- MATERIAL PROVIDED
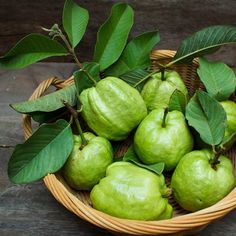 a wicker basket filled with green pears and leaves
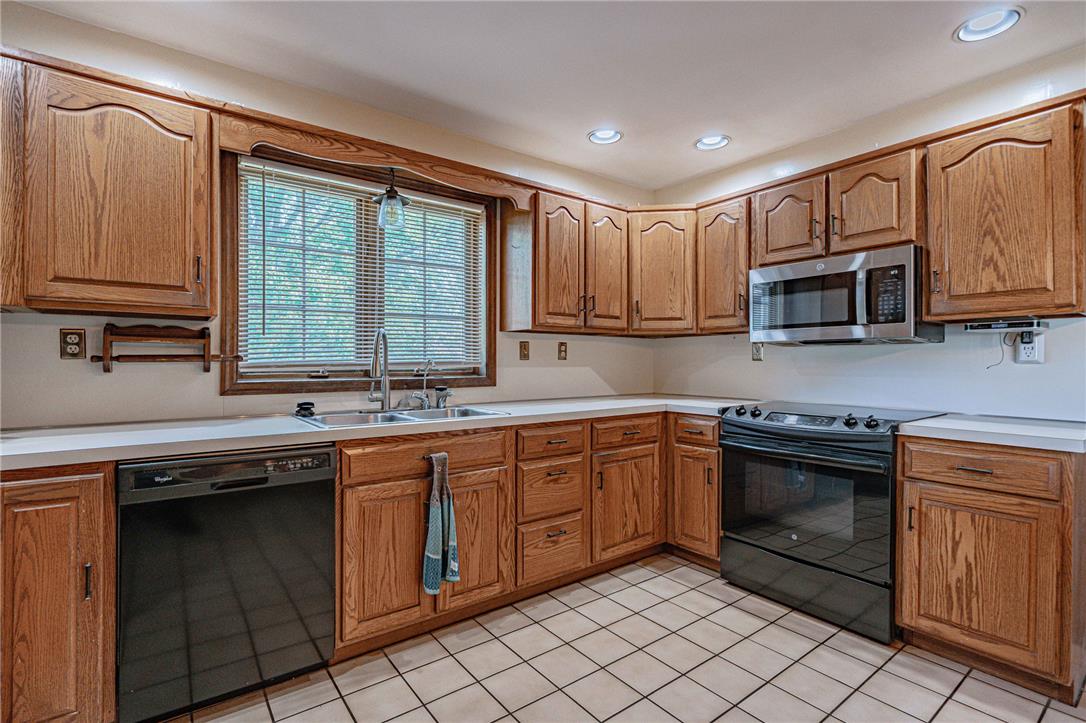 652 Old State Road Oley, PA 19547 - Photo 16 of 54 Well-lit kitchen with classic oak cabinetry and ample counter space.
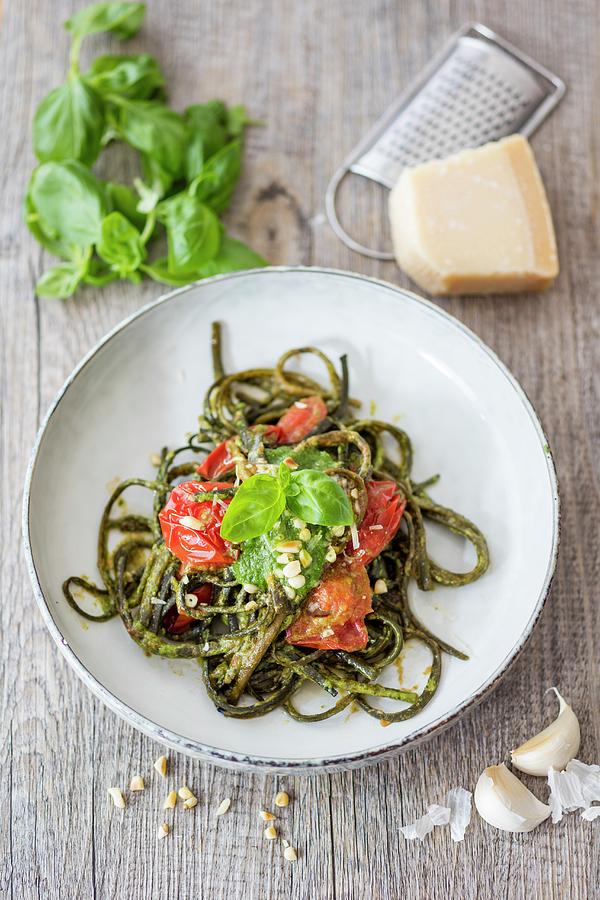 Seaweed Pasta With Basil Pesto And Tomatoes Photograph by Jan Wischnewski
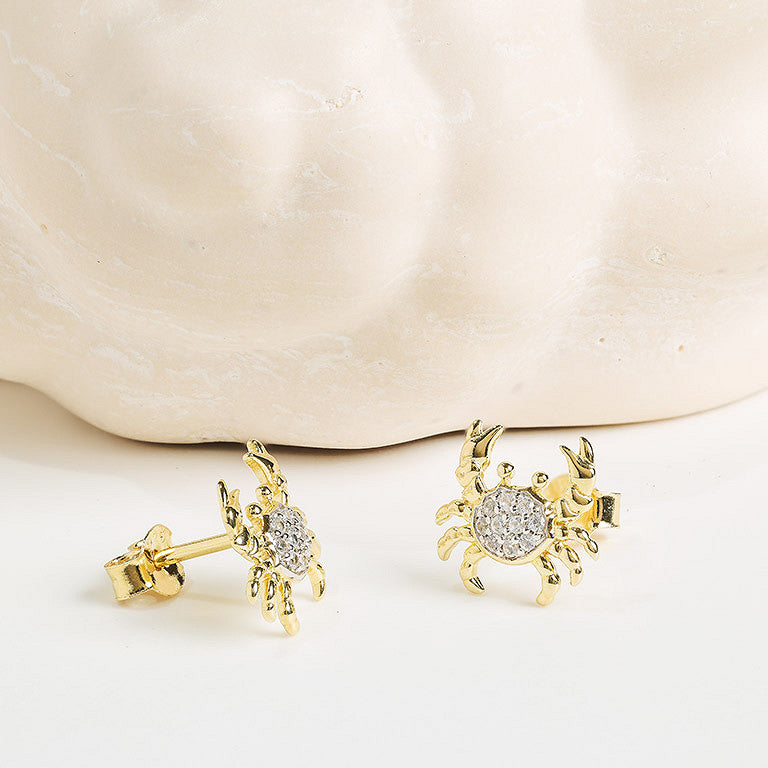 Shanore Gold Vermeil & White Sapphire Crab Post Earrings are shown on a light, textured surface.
* * *
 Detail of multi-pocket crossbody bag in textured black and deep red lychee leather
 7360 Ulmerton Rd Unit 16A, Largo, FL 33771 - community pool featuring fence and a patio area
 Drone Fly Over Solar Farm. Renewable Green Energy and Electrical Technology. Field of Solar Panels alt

- WHAT THE TASK REQUIRES
Working from the entries above, please transcribe only the lines from the line with "a wicker basket" through the line with "Shanore Gold Vermeil", exactly, with both end lines and without pictures.

- RESPONSE FOR THIS EXERCISE
 a wicker basket filled with green pears and leaves
 652 Old State Road Oley, PA 19547 - Photo 16 of 54 Well-lit kitchen with classic oak cabinetry and ample counter space.
 Seaweed Pasta With Basil Pesto And Tomatoes Photograph by Jan Wischnewski
 Shanore Gold Vermeil & White Sapphire Crab Post Earrings are shown on a light, textured surface.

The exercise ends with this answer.